シネマヴェーラでマイケル・チミノ監督のあの『天国の門』を観て来ました。
今回149分バージョンでの上映であることはチラシに書いてありましたが、オリジナルのシネマスコープでの上映ではなく、トリミングされたスタンダード・サイズでの上映でした・・・。
149分ヴァージョンでもフィルムが2巻に分かれているとのことで、途中フィルムをかけ替えるのに数分の休止を挟んでの上映。
なぜこの作品が世紀の大コケしたのか考えつつ鑑賞。
149分バージョンでも長い。作家的にはどれも必然のシーンなのでしょうが、興行的には何でこんなところ延々撮るんだ?と思うところばかり。
他の監督なら100分ぐらいに収めるのではないかと思う。
ジョンソン郡戦争が始まるまでの前置き部分で映画の半分を使ってしまっているのです。
全体的にかなり妙で、冒頭大学の卒業式が延々続くのは佳き時代を表現したかったのだろうと納得できても、娼婦かつ売春宿の女主人が男二人を愛するというストーリーをなぜ入れたのが理解不能だし、この女主人の心情も理解不能。

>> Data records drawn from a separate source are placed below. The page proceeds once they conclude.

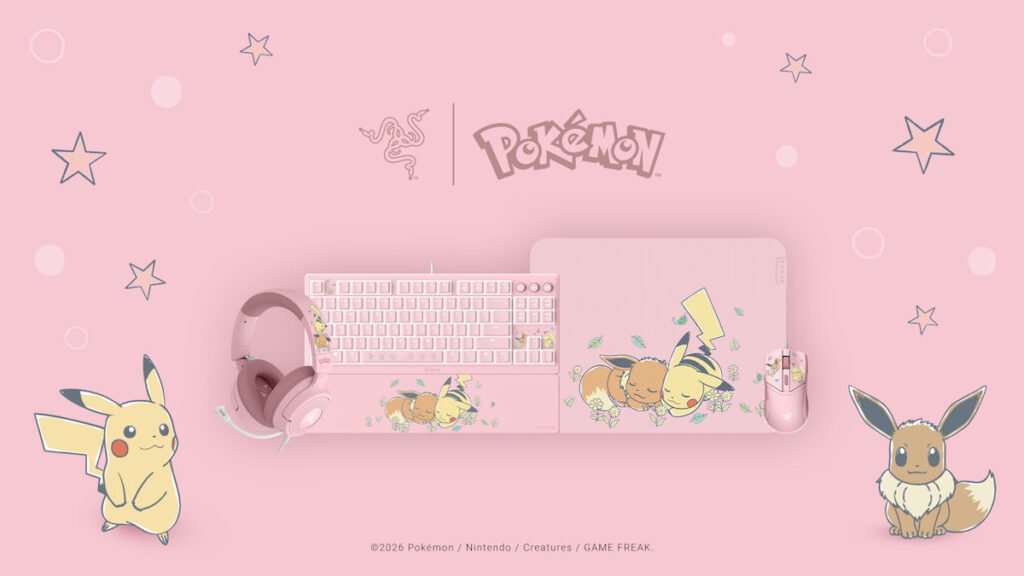 Razer | Pikachu & Eevee thumb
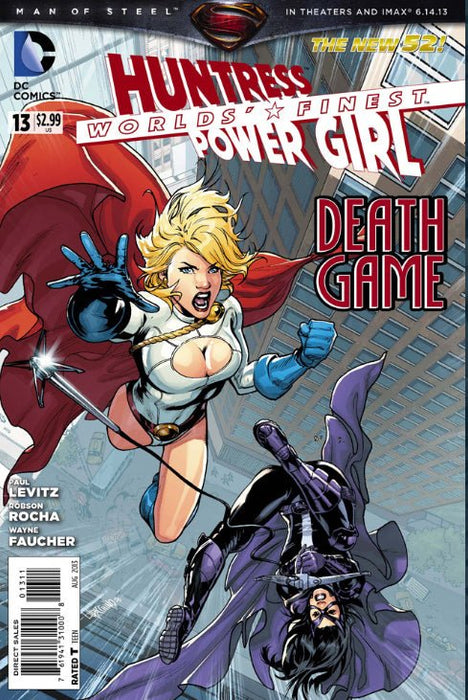 Worlds' Finest #13 (2013) NM 9.4 - Comic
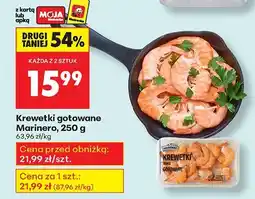 Biedronka Krewetki gotowane Marinero, 250 g oferta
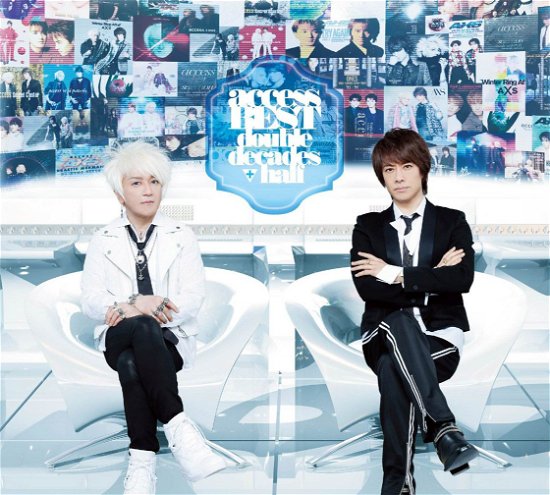 Cover for Access · Access Best -double Decades + Half- (CD) [Japan Import edition] (2017)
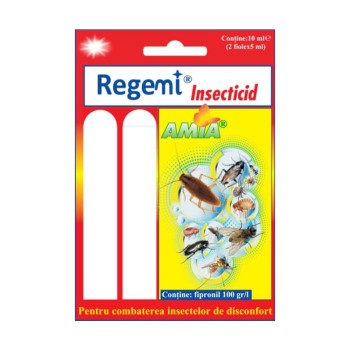 Insecticid Regemi Alfa, 2 fiole x 5 ml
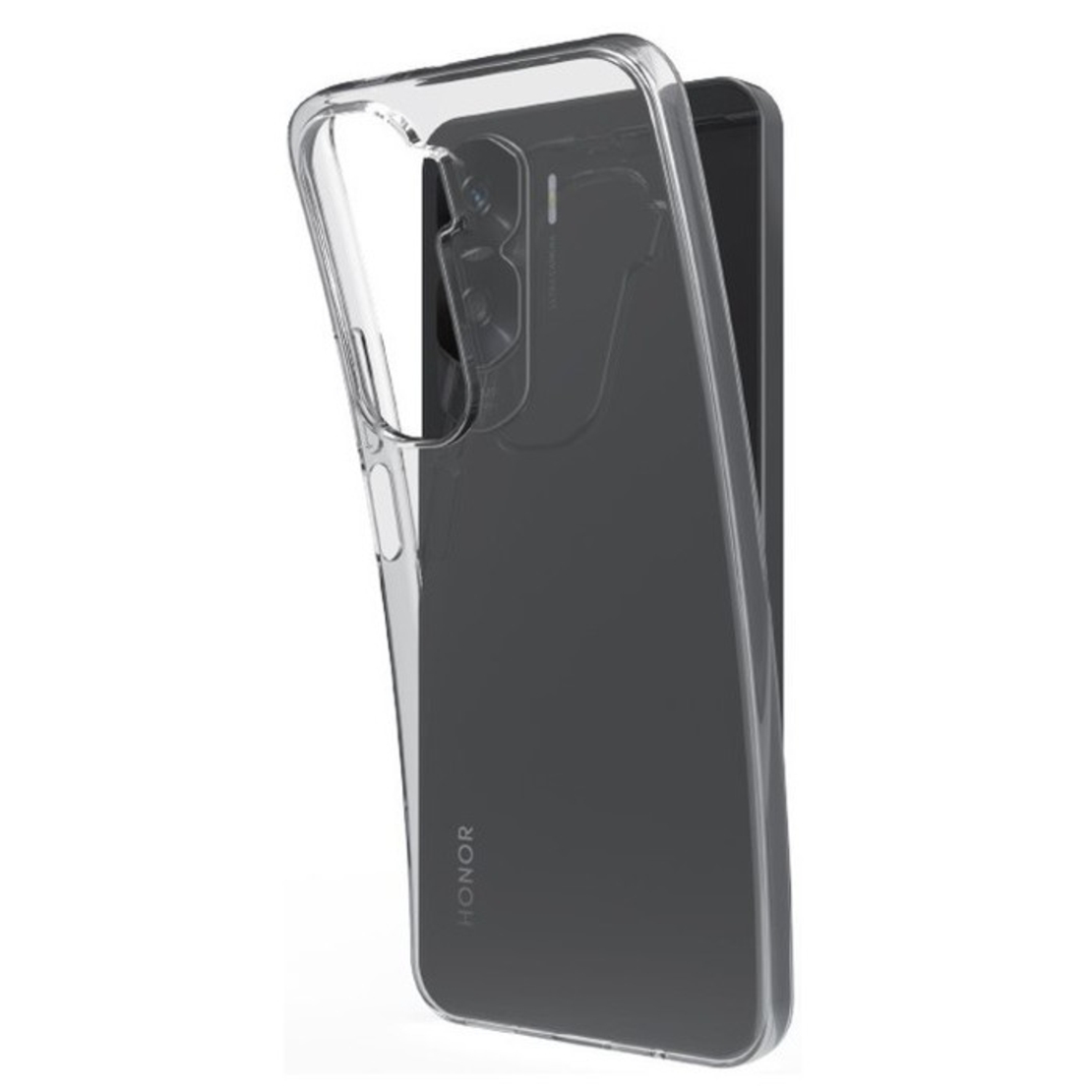Husa de Protectie, Vafy, Compatibila cu Honor 90 Lite, TPU, Transparent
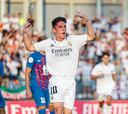 Real Madrid Castilla 1 - Eldense 1, en directo: resumen, goles y resultado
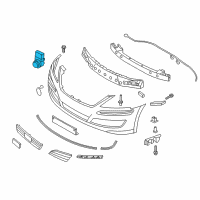 OEM 2014 Hyundai Equus Sensor-BWS Diagram - 95720-3N500-AT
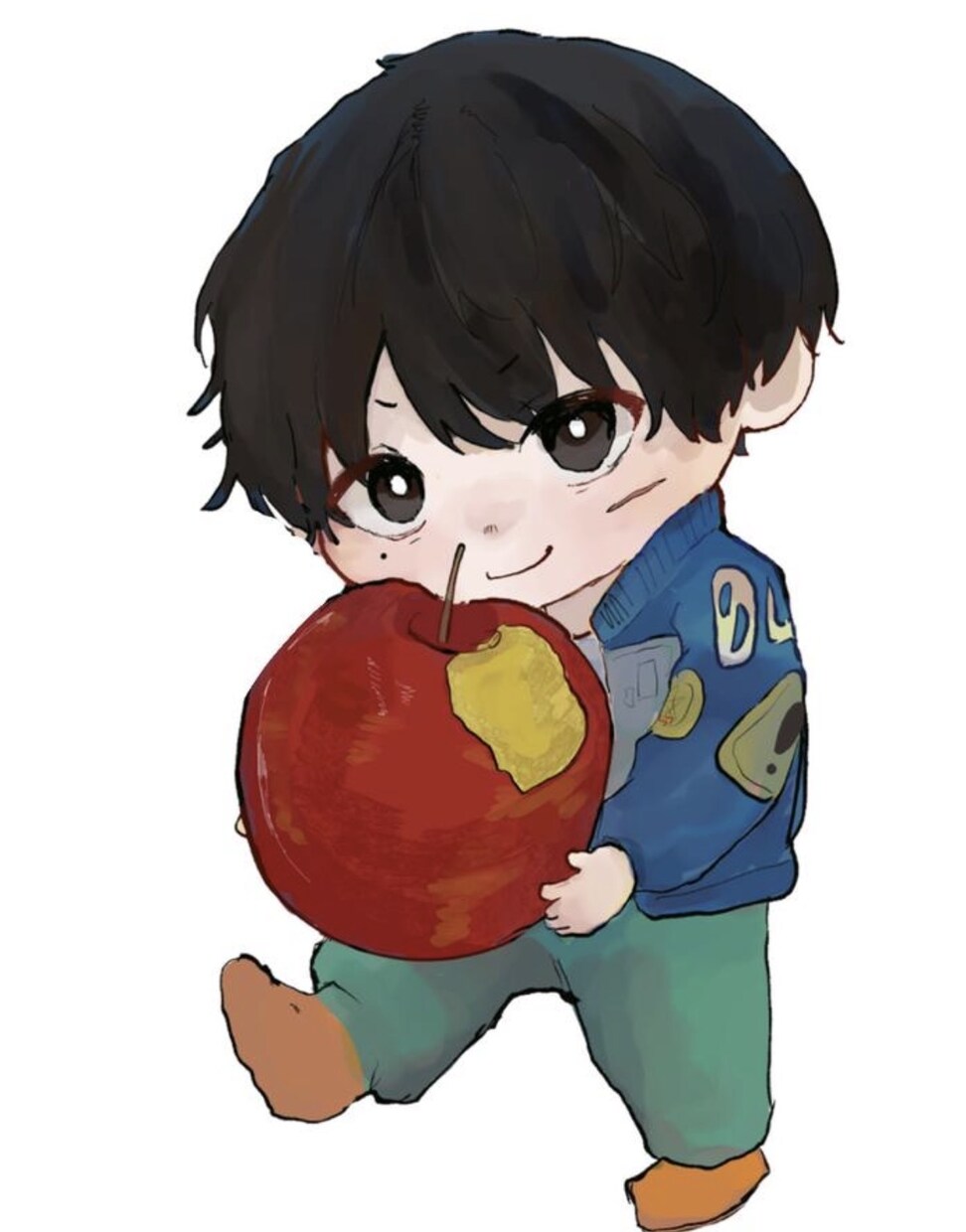SNSアイコン・一枚絵を格安で描きます 柔らかい雰囲気やかわいくかっこいい表情のイラストが得意です！ イメージ8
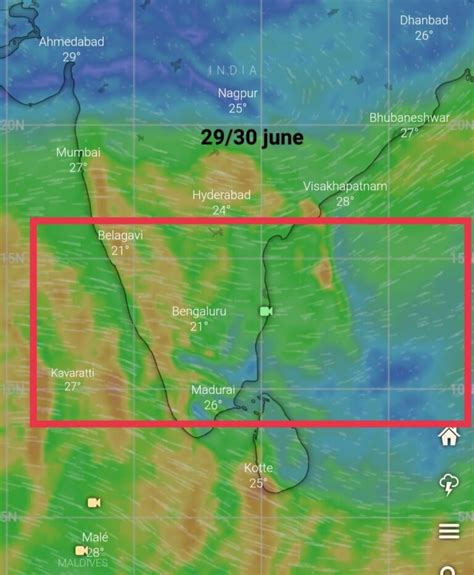 Thunderstorm Activity Decreases Over Tamil Nadu As Southwest Monsoon
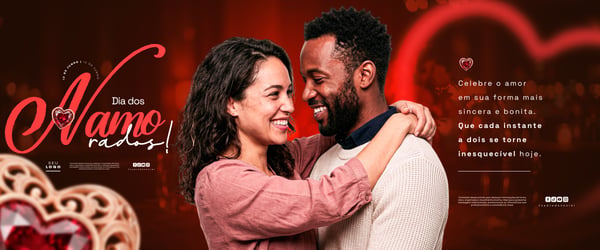 Dia dos Namorados Carrossel/Banner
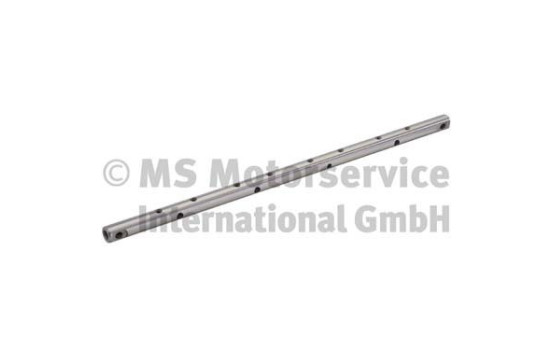 Rocker arm shaft, engine control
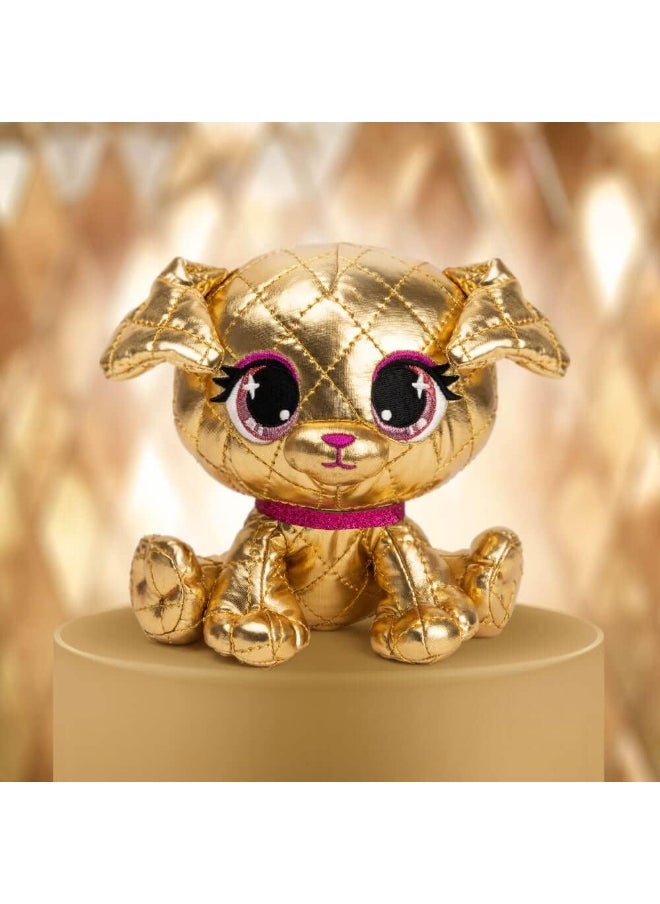 GUND GUND P.lushes Pets Goldie La'Pooch Stuffed Plushie Puppy, 7"  - Image 5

(ところで、先日観たロバート・アルトマンの『ギャンブラー』でもジュリー・クリスティー演じる娼家の女主人は自らも客と寝る娼婦でした。こういうの、この時代の娼家のビジネスモデルなのでしょうか?)
そして何より謎なのは、ラストのまとめ方。
『ギャンブラー』は、ある流れ者の男のはかない人生を描いた物語でしたが、『天国の門』ときたら結局、老齢にさしかかり悠々自適な生活を送る東部エスタブリッシュの名家出身で金持ちの主人公が、若い時分に西部のド田舎で相当刺激的な体験したなぁ、イイ女ともイイ事したなぁ、などと思い出に浸るという映画になっており、あのラストは顰蹙ものです。
かといって、この作品は駄作とかつまらないもとか、そんなことは全然なく(ただ相当妙なだけ)、観ていてオオっと思うショットがとにかく満載で、ワルツのシーンもすごいし、大自然がバックのショットもどれもこれもすごいです。
撮影はヴィルモス・ジグモンドで、もう『ギャンブラー』とトーンがそっくり。
『ギャンブラー』は、ネガ現像前にフィルムを露光させる「フラッシング」という手法を使ったとアルトマンは話していますが、これもそうなのでしょうか。驚くほど似てます。
素晴しいショットを観るためだけでも十分この作品を観に行く価値があり、だからこそ今回の上映がシネスコではなくトリミングされていることにガッカリし、「ああ、これがシネスコだったら」と思いながら最初から最後まで観てしまいました。
今回、面白く鑑賞しましたが、これが219分の完全版だったら、観終わった後不機嫌になったかもしれません。そう思いました。
それから、エンドロールの中にオックスフォード大学の名前がありました。冒頭のハーバード大学の場面は、イギリスのオックスフォード大学での撮影だったようです。
あと、村民皆殺しを指示する西部の大規模牧場主集団、ジョージ・ブッシュの先祖みたいでした。
英語版ウィキペディアの「ジョンソン郡戦争」のページに本物のエイブリルとエラ、ガンマンを率いたカントンの写真が載っております(実在の人物とは思わなかった)。